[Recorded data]

▶

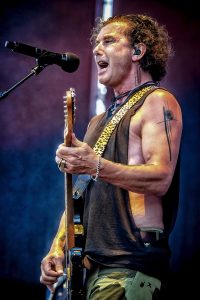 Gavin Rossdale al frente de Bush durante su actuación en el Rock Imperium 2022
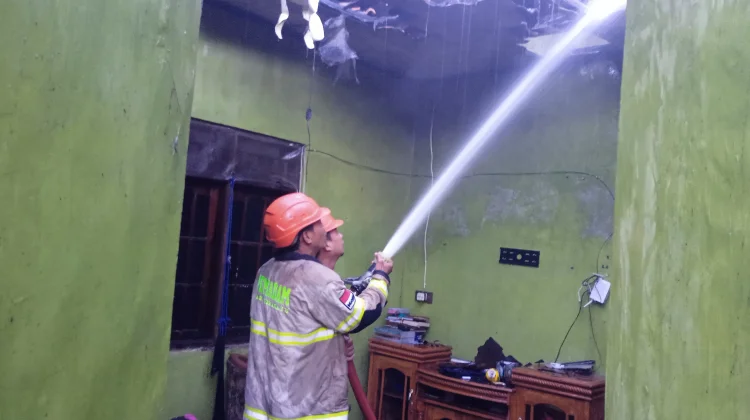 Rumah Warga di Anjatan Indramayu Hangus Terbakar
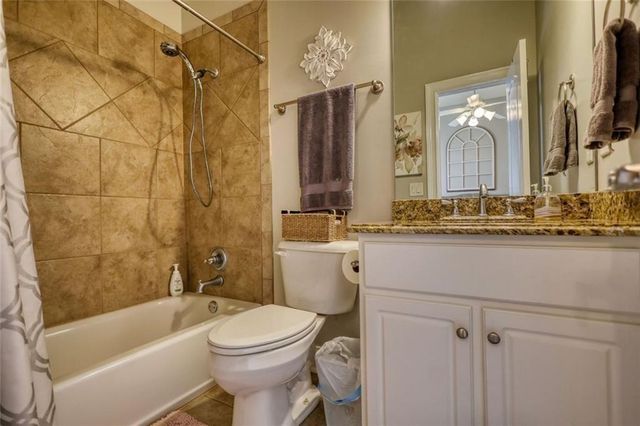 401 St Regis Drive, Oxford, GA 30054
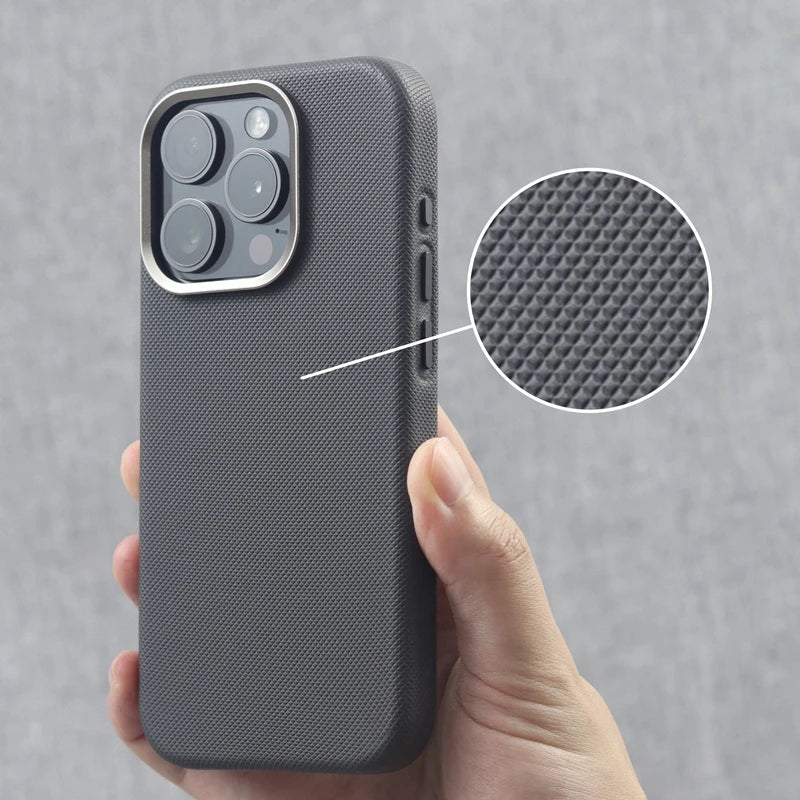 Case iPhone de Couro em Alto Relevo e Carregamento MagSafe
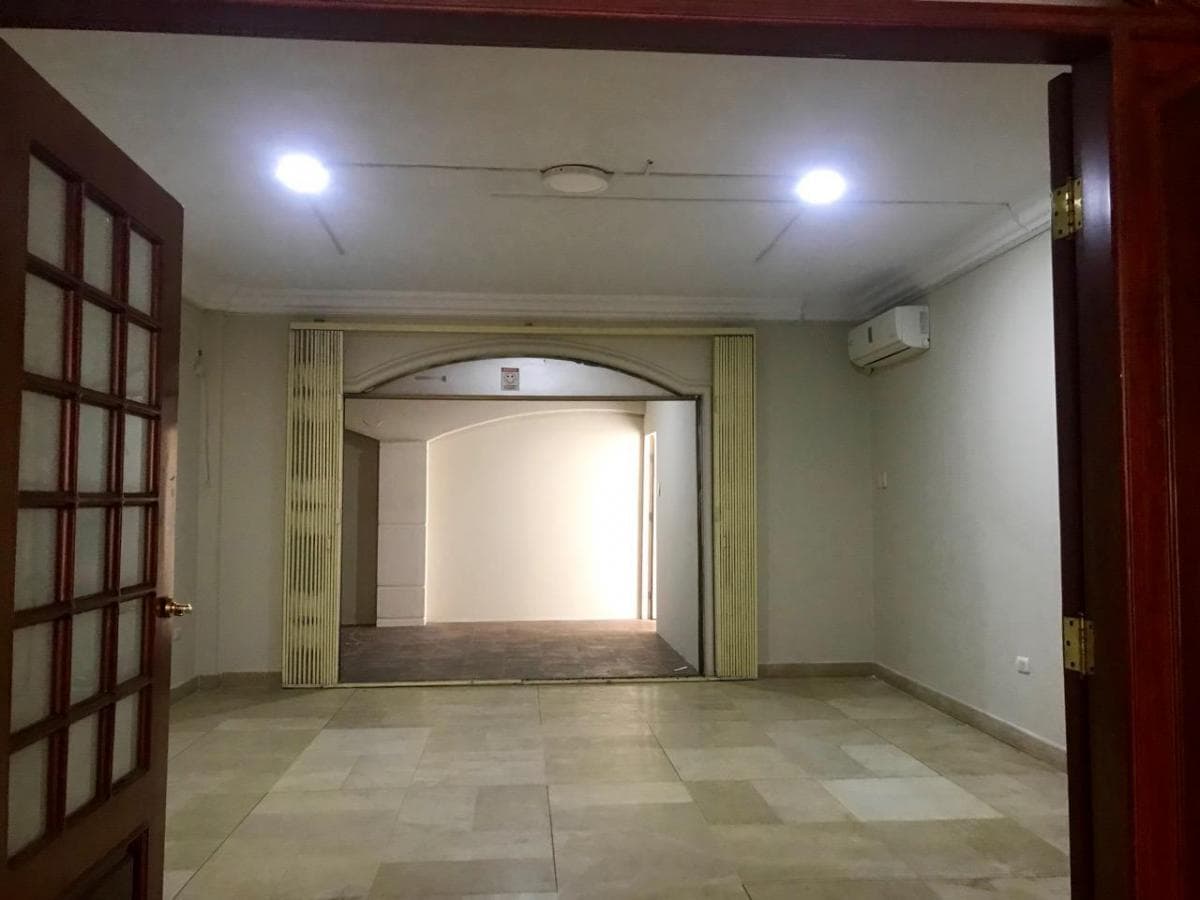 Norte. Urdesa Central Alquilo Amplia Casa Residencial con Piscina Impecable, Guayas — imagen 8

◀
▶

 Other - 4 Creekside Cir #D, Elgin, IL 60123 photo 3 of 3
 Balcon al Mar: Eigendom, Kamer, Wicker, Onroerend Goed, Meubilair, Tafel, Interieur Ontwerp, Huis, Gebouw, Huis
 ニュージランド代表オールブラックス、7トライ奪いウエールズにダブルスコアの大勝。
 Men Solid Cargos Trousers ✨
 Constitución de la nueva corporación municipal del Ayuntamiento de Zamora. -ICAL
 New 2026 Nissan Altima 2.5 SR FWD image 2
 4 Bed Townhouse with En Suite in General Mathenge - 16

◀

→ **TASK STATEMENT**
Using the entries above, extract exactly the lines from the one that contains "Rumah Warga di" through the one that contains "Norte. Urdesa Central". Do not carry over any pictures.

→ **RESPONSE**
 Rumah Warga di Anjatan Indramayu Hangus Terbakar
 401 St Regis Drive, Oxford, GA 30054
 Case iPhone de Couro em Alto Relevo e Carregamento MagSafe
 Norte. Urdesa Central Alquilo Amplia Casa Residencial con Piscina Impecable, Guayas — imagen 8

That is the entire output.